Como no tenían mucho dinero -lo justo que habían logrado juntar para los arreglos, montar la cocina y comprar las primera camas y los materiales básicos- llegaron a un acuerdo con el dueño del lugar: no pagarían nada durante los dos primeros años y si pasado ese tiempo no habían logrado ningún ingreso dejarían el cortijo con todos los arreglos hechos. Además, se hicieron ellos mismos otro propósito: “Nos comprometimos a acabar nuestras carreras porque para ser competentes teníamos que estar formados”, señala Díaz.
Funcionando en un año
Al año ya pudieron organizar el primer campamento de verano, comenzaron a darse a conocer en todas las escuelas de la zona y desde entonces el proyecto no ha dejado de crecer. Fueron terminando sus carreras, se incorporaron más formaciones y a los campamentos iniciales se sumaron salidas escolares y fines de semana para toda la familia. Construyeron un huerto ecológico y hace 10 años pudieron también llevar a cabo las renovaciones necesarias para que Huerto Alegre funcione con energía solar.
“En los campamentos y en todas las actividades del resto del año tratamos de fomentar la investigación de la naturaleza al mismo tiempo que damos también mucha importancia a la investigación emocional de los niños, cómo se sienten, qué es lo qué piensan cuando ven un determinado animal por primera vez”, explica la cooperativista, quien subraya que los chavales disfrutan del entorno de forma libre, descubriendo ellos mismos todo lo que está a su alrededor.
Los niños celebran asambleas diarias en las que ellos mismos explican cómo se sienten, qué les ha gustado y qué no y en donde también pueden proponer actividades para desarrollar. “Precisamente en estas asambleas nos damos cuenta de que lo que más valoran los chavales en los campamentos es la autonomía que tienen, el poder salir fuera cuando quieren, dar sus opinión y que se valore y todo ello lo hacen en un entorno que les hace sentirse seguros”, señala Díaz.

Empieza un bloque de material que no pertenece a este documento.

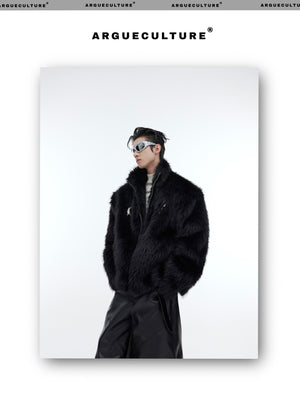 desc::boxy-faux-mink-fur-jacket-with-metal-accents-detail-img-8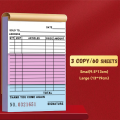 Receipts Resibo with Carbon Receipts Business receipts 2ply/3ply  temporary calculator paper Charred receipt. 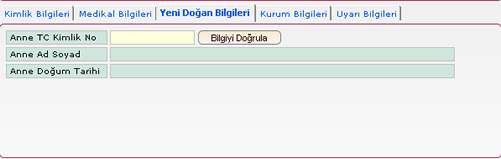 MERNĐS üzerinden sorgulama işlemi gerçekleştirildiğinde, kimlik bilgileri otomatik olarak doldurulur.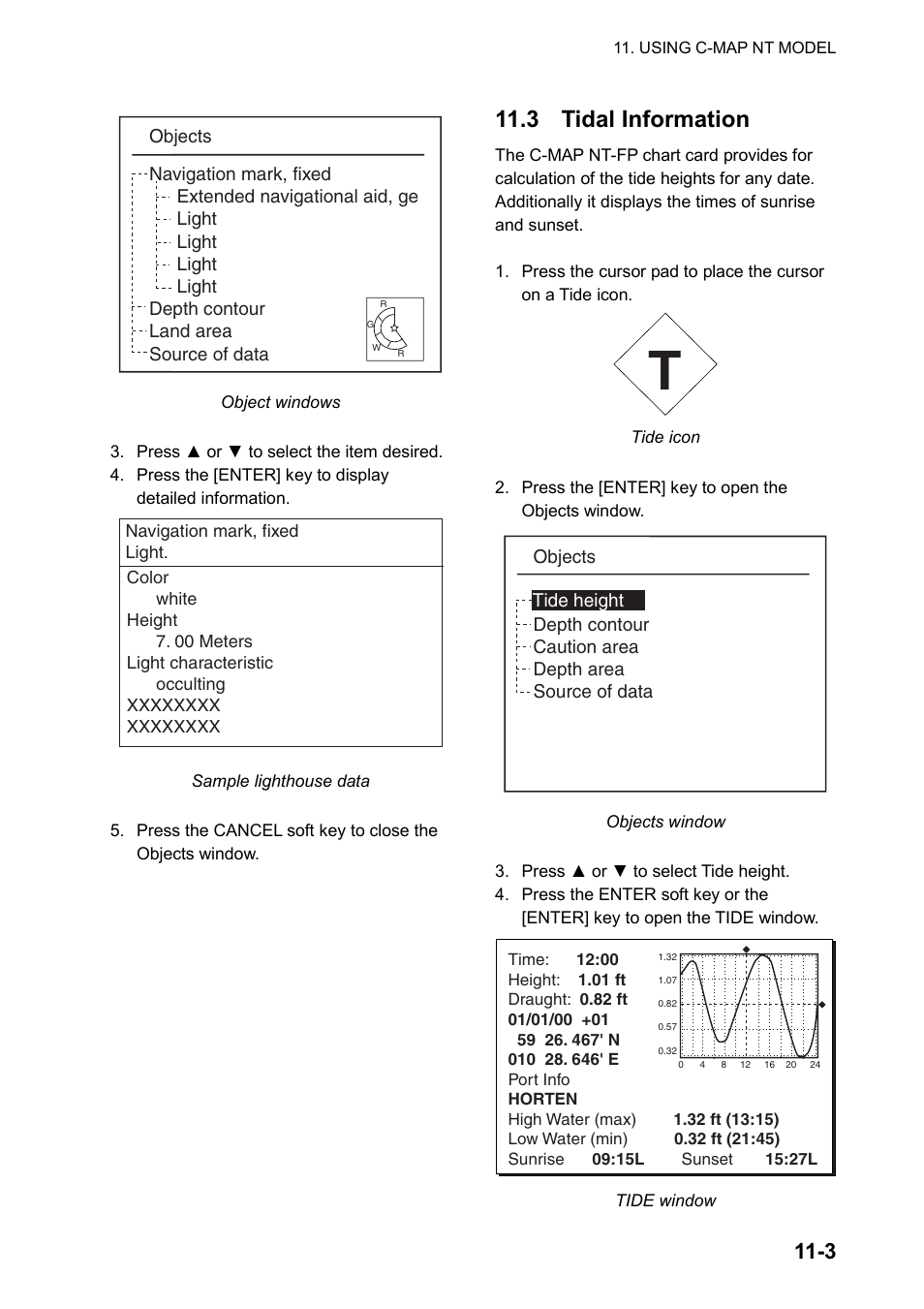 3 tidal information | Furuno GP-1650WD User Manual | Page 73 / 96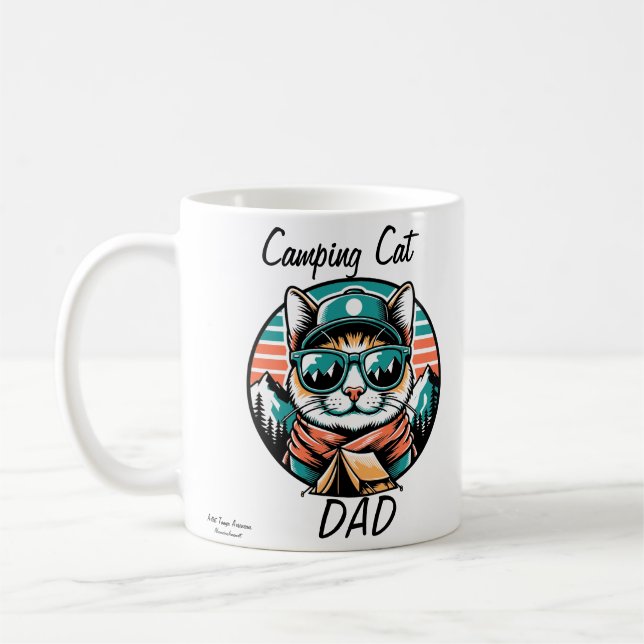 Taza De Café Papá gato del camping (Izquierda)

Perciben desde hace años una brecha cada vez mayor entre los niños que llegan de la ciudad y los que viven en entornos rurales. “ Los de la ciudad se aburren más, tienen menos capacidad para entretenerse solos y dependen más de los adultos”, indica la cooperativista. De ahí, subraya, la importancia de ofrecerles una autonomía, que los chavales valoran enseguida. “Hay algún padre o madre que se sorprende de que el niño no haya preguntado por ellos”, señala.
Las actividades varían entre los talleres de astronomía, de teatro, en la huerta, con los animales, de educación en la importancia del reciclaje o, para los que ya tienen entre 14 y 17 años, talleres en los que se trabaja el género, se debaten películas para hablar del machismo, explicar qué es el feminismo o la importancia del desarrollo sostenible. “Empezamos a tener segundas generaciones, cuyos padres estuvieron cuando eran pequeños y ahora están ellos”, indica la cooperativista.